A Life is Too Short by Nicholas Fairbairn - review by Patrick Taylor-Martin

Patrick Taylor-Martin

Nothing but the Trews

A Life is Too Short

By

Quartet 229pp £11.95
 

A life may well be too short; the same cannot always be said of a book. This is the first volume of Nicholas Fairbairn’s autobiography. The front cover shows a shock haired figure with wild eyes wearing an opera cloak and a wing collar. It might be a mad nineteenth century composer, or a magician. In fact, it is a portrait of the young Fairbairn by Alan Sutherland. It hangs in the drawing room at Fordell Castle where the present day Fairbairn, now bald as an egg, is shown, on the back cover, clutching a Siamese cat and wearing tartan trews. For all the baronial accoutrements of stone walls and coats of arms, the room somehow suggests, with its low slung modern sofas and dubious looking Louis Quinze furniture, a place in Surrey or even Texas rather than a castle in Fife.

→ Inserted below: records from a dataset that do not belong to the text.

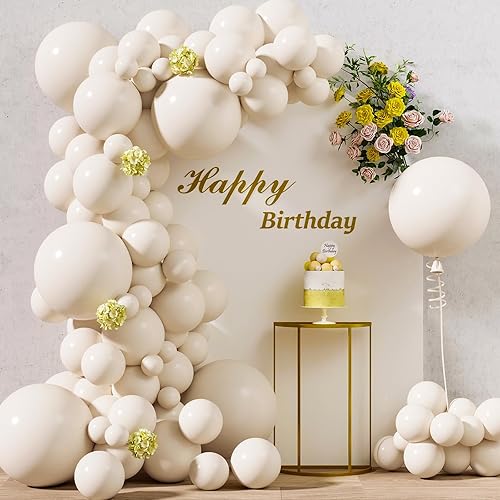 RUBFAC 116pcs Sand White Balloons Different Sizes Pack of 18 12 10 5 Inch for Garland Arch Extra Large Balloons for Birthday Graduation Wedding Party Decoration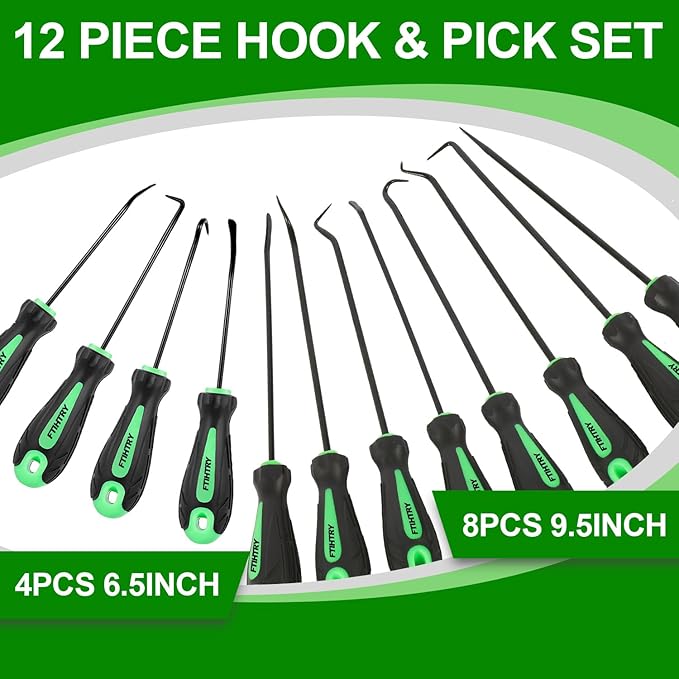 FTIHTRY 12-Piece Pick and Hook Tools Set, Pick Tool Set Car Auto Oil Seal/O-Ring Seal Gasket Pick Hooks Puller Remove, Long and Mini Pick Tool Set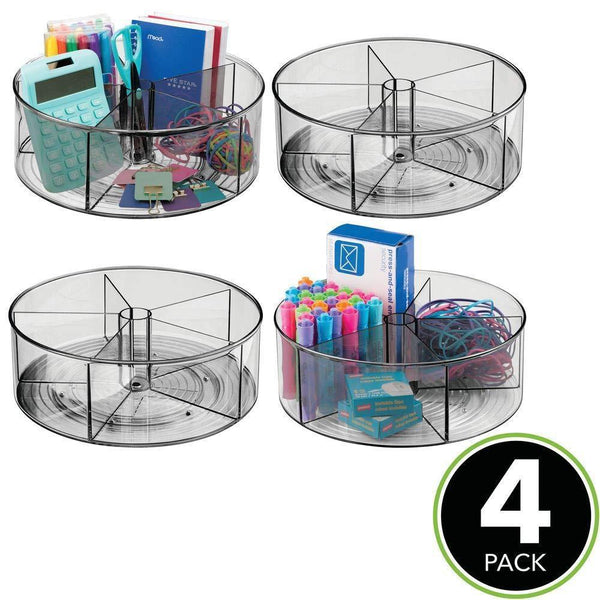 New mdesign deep plastic lazy susan turntable storage container divided spinning organizer for home office supplies pens erasers tape colored pencils 4 pack smoke gray
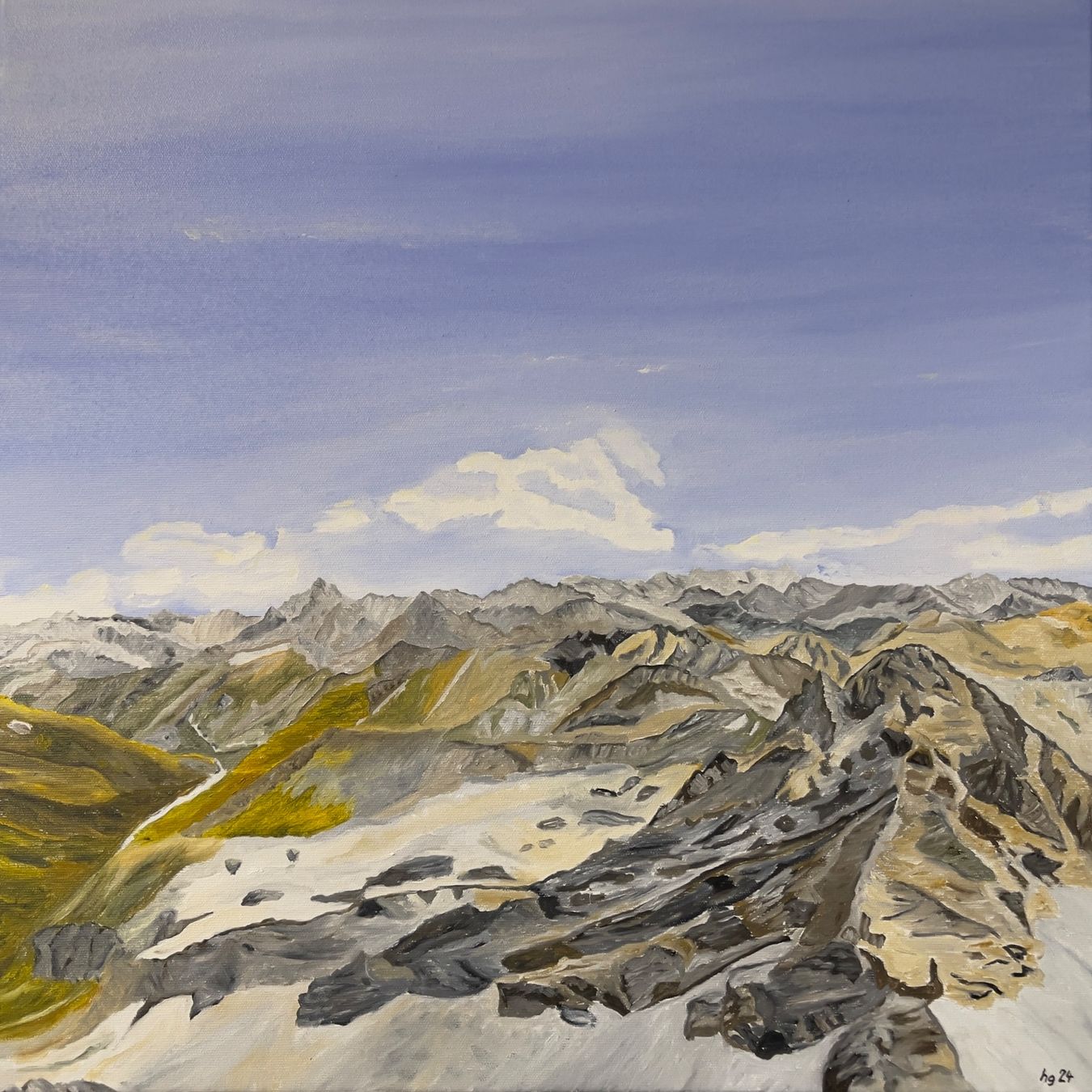 Gemälde: Alpenpanorama: Gletscherhorn Avers – Neu (gemäss Beschreibung) aus Beinwil am See von Bergbilder 3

Nicholas Fairbairn is one of the more flamboyant members of the Houses of Parliament. In Who’s Who, he describes himself as ‘Author, farmer, painter, poet, TV and radio broadcaster, journalist, dress designer, landscape gardener, bon-viveur and wit’. This book substantiates some of these claims. It also provides many boasting accounts of his dazzling forensic skills as a defence advocate at the Scottish Bar. This, undoubtedly, is the most glorious and interesting aspect of his career. He is a sort of Caledonian John Mortimer, though he lacks Mortimer’s languid charm or his gift of style. Fairbairn’s prose recalls the hectoring tones of a lawyer addressing a jury, tricked out with a few strange words he has either culled from Call My Bluff or made up himself – ‘tormentuous’, ‘baculine’, ‘hirpling’, ‘adiaphoristic’, ‘perissologies’, ‘kakistoracy’, ‘incicicurablc’, ‘apolaustic’. He seems unduly proud of this sesquipedalian verbosity.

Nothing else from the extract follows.